Çünkü Taylan, varlığı ve mücadelesi ile emperyalizme ve işbirlikçilerine karşı yürütülen mücadelenin her anında ve en önünde olan yiğit bir devrimciydi. ODTÜ Sosyalist Fikir Kulübü üyesiydi. Kulübün tüm etkinliklerine katılır, her eylemde en önde olurdu.
ODTÜ Öğrenci Birliği ve Sosyalist Fikir Kulübü’nün ortaklaşa düzenlediği “köylülerle ve işçilerle ilişki kurma ve sorunlarını yerinde tespit etmeyi” amaçlayan yaz çalışmalarında Taylan, gerek kitlelerle kurduğu ilişki ve gerekse aldığı olumlu sonuçlarla, çalışmalara katılanların önde gelenlerindendi.
1967 yazında, tek başına görevlendirildiği Amasya Taşova’da 34 köyü dolaşarak verdiği raporla, bir rekor kırmıştı.
Soldan ikinci: Taylan Özgür - Sağdan ikinci: Tuncay Çelen |
Taylan, aynı zamanda, 6 Ocak 1969'da Amerikan CIA AJANI İŞKENCECİ Komer’in makam arabasını ODTÜ’de yakan arkadaşlarımızdandı. Komer, Türkiye’ye gelmeden önce Vietnam’da her türlü işkence, şiddet ve baskı ile Vietnam halkının sindirilmesi hareketini yöneten kişiydi.
Taylan, bu özellikleri nedeniyle 1969 yılı ODTÜ Öğrenci Birliği seçimlerine “Toplumcu Grup” adıyla katılan sosyalistlerin adaylarındandı. “Toplumcu Grup”un başkan adayı ise Taylan öldürüldükten sonra doğan çocuğuna onun adını veren Sinan Cemgil’di.

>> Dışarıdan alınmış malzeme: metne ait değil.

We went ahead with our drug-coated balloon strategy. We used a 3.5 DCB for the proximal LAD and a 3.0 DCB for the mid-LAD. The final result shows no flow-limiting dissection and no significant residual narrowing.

Doğan çocuğuna, çok sevdiği Taylan’ın ismini koyan Sinan Cemgil, 30 Mart 1972’de Nurhak’ta yargısız infazla katledildi.
“Öldüğümde beni Taylan Özgür’ün mezarının yanına gömün” diyen Deniz Gezmiş, 6 Mayıs 1972’de hukuk dışı, öç almaya yönelik siyasi bir kararla idam edildi.

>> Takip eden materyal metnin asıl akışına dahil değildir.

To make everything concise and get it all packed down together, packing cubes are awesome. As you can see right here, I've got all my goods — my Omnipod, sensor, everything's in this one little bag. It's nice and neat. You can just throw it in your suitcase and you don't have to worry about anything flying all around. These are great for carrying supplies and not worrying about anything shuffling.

Emperyalistler ve işbirlikçiler, arkadaşlarımızın ölülerinden bile korktular. Deniz’in, istemine rağmen, Taylan Özgür’ün yanına gömülmesine izin verilmedi. Üç fidanın; Deniz, Yusuf ve Hüseyin’in mezarlarının aralarına bile başka mezarlar konuldu. Uzun süre mezarlarının ziyaret edilmesi yasaklandı.

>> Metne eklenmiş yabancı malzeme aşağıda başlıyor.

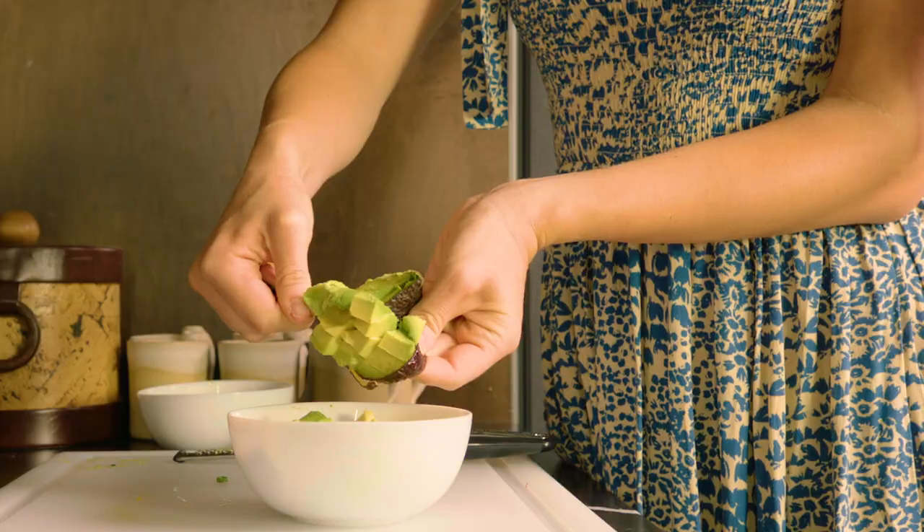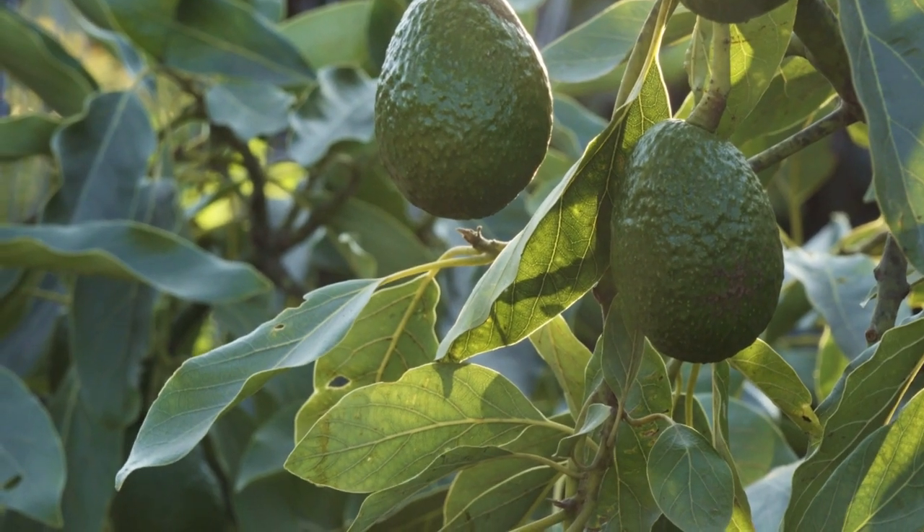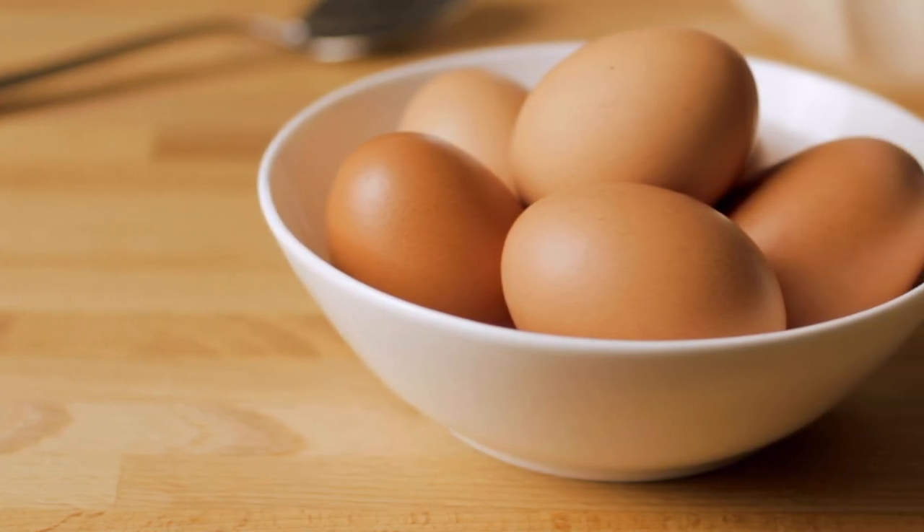I love waking up in the mornings knowing that I have ripe avocados in my kitchen. Here is a quick and easy breakfast recipe that combines some of my favorite ingredients and is so easy to make. It'll keep you full all day long. The greatest thing about this recipe is that it combines eggs with avocado, which work together to absorb nutrients for better hair, skin, and nails. So let's get started.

Ama halkın sevgisi yasakları deldi geçti. Mezarları her gün ellerinde çiçekler; genç, ihtiyar, kadın çocuk yüzlerce kişi tarafından ziyaret ediliyor. Yıl 360 gün, yaz-kış, bir gün bile mezarlarında güller, karanfiller eksik olmuyor.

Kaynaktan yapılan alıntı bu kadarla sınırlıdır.